TRY IT: Exactly and only the lines from the line holding "Modular patio wicker" to the end of the records should be reproduced. Leave pictures out.
--- INPUT ---
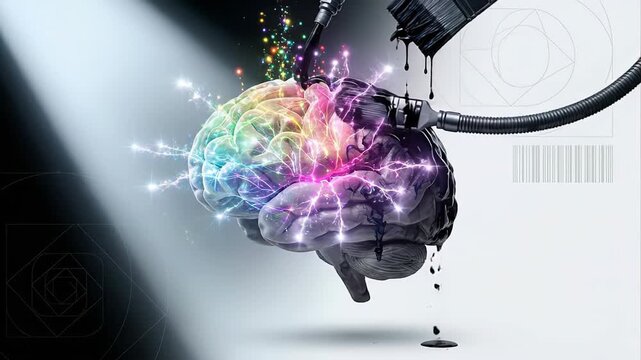 Paintbrushes applying black paint to a creative, colorful, and glowing brain, representing the clash between rational logic and artistic imagination, and the power of artificial intelligence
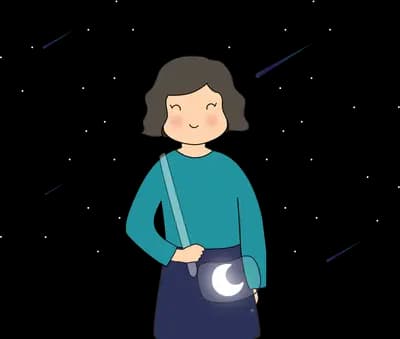 Woman holding a moon bag under falling dark streaks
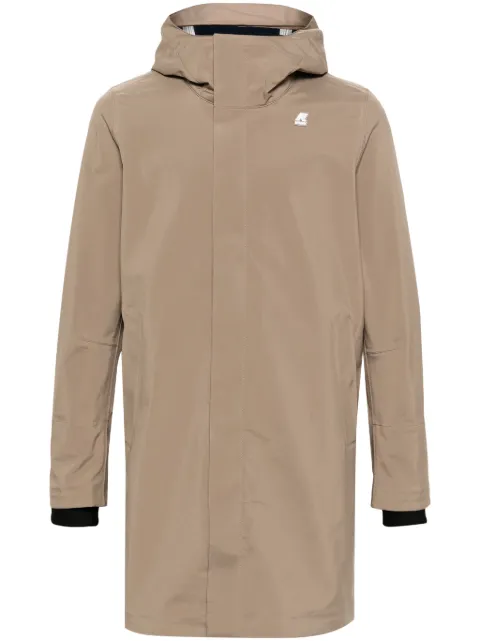 K-Way logo-patch hooded single-breasted coat Neutrals K21372W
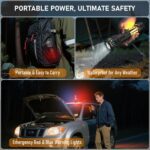 Rechargeable Camping Flashlight Tactical Flashlight, 11 Modes Multi-Function Flashlight 10000 Lumens Portable Camp Light with Stand, Bright LED Flashlight for Outdoor Activity, Black - Image 8
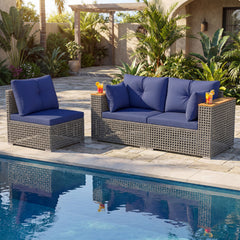 Modular patio wicker sectional set allows flexible seating arrangements<br>Converts easily between 3-seat sofa and loveseat layout<br>Secure sofa clips keep sectional pieces firmly connected<br>Handwoven PE rattan offers breathable and sun-resistant durab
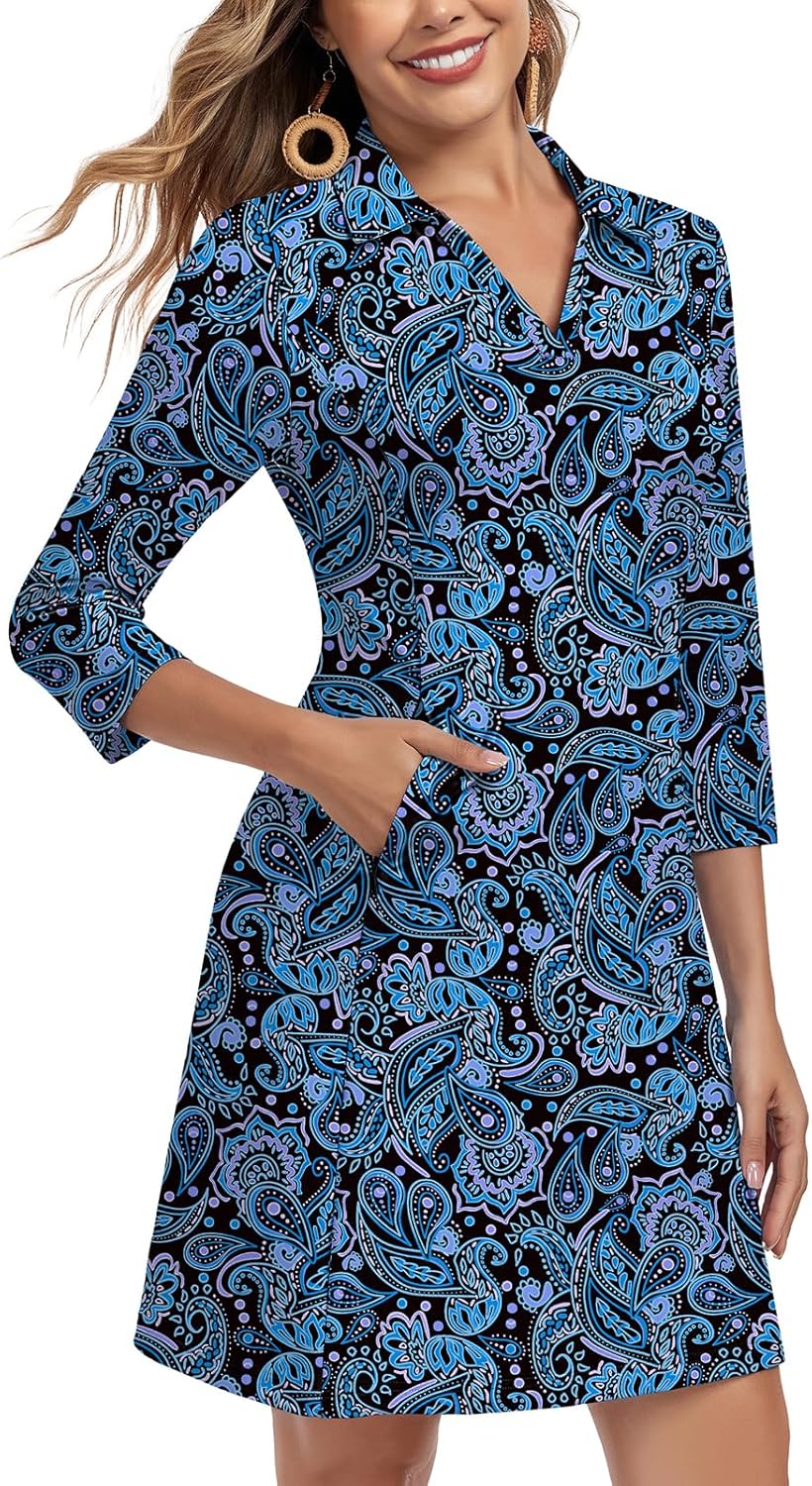 WOWENY 3/4 Sleeve Dress for Women with Pockets V Neck UPF 50+ Casual Sun Dress Breathable Quick Dry Beach Vacation - Image 6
---
ANSWER FOR THE TASK:
 Modular patio wicker sectional set allows flexible seating arrangements<br>Converts easily between 3-seat sofa and loveseat layout<br>Secure sofa clips keep sectional pieces firmly connected<br>Handwoven PE rattan offers breathable and sun-resistant durab
 WOWENY 3/4 Sleeve Dress for Women with Pockets V Neck UPF 50+ Casual Sun Dress Breathable Quick Dry Beach Vacation - Image 6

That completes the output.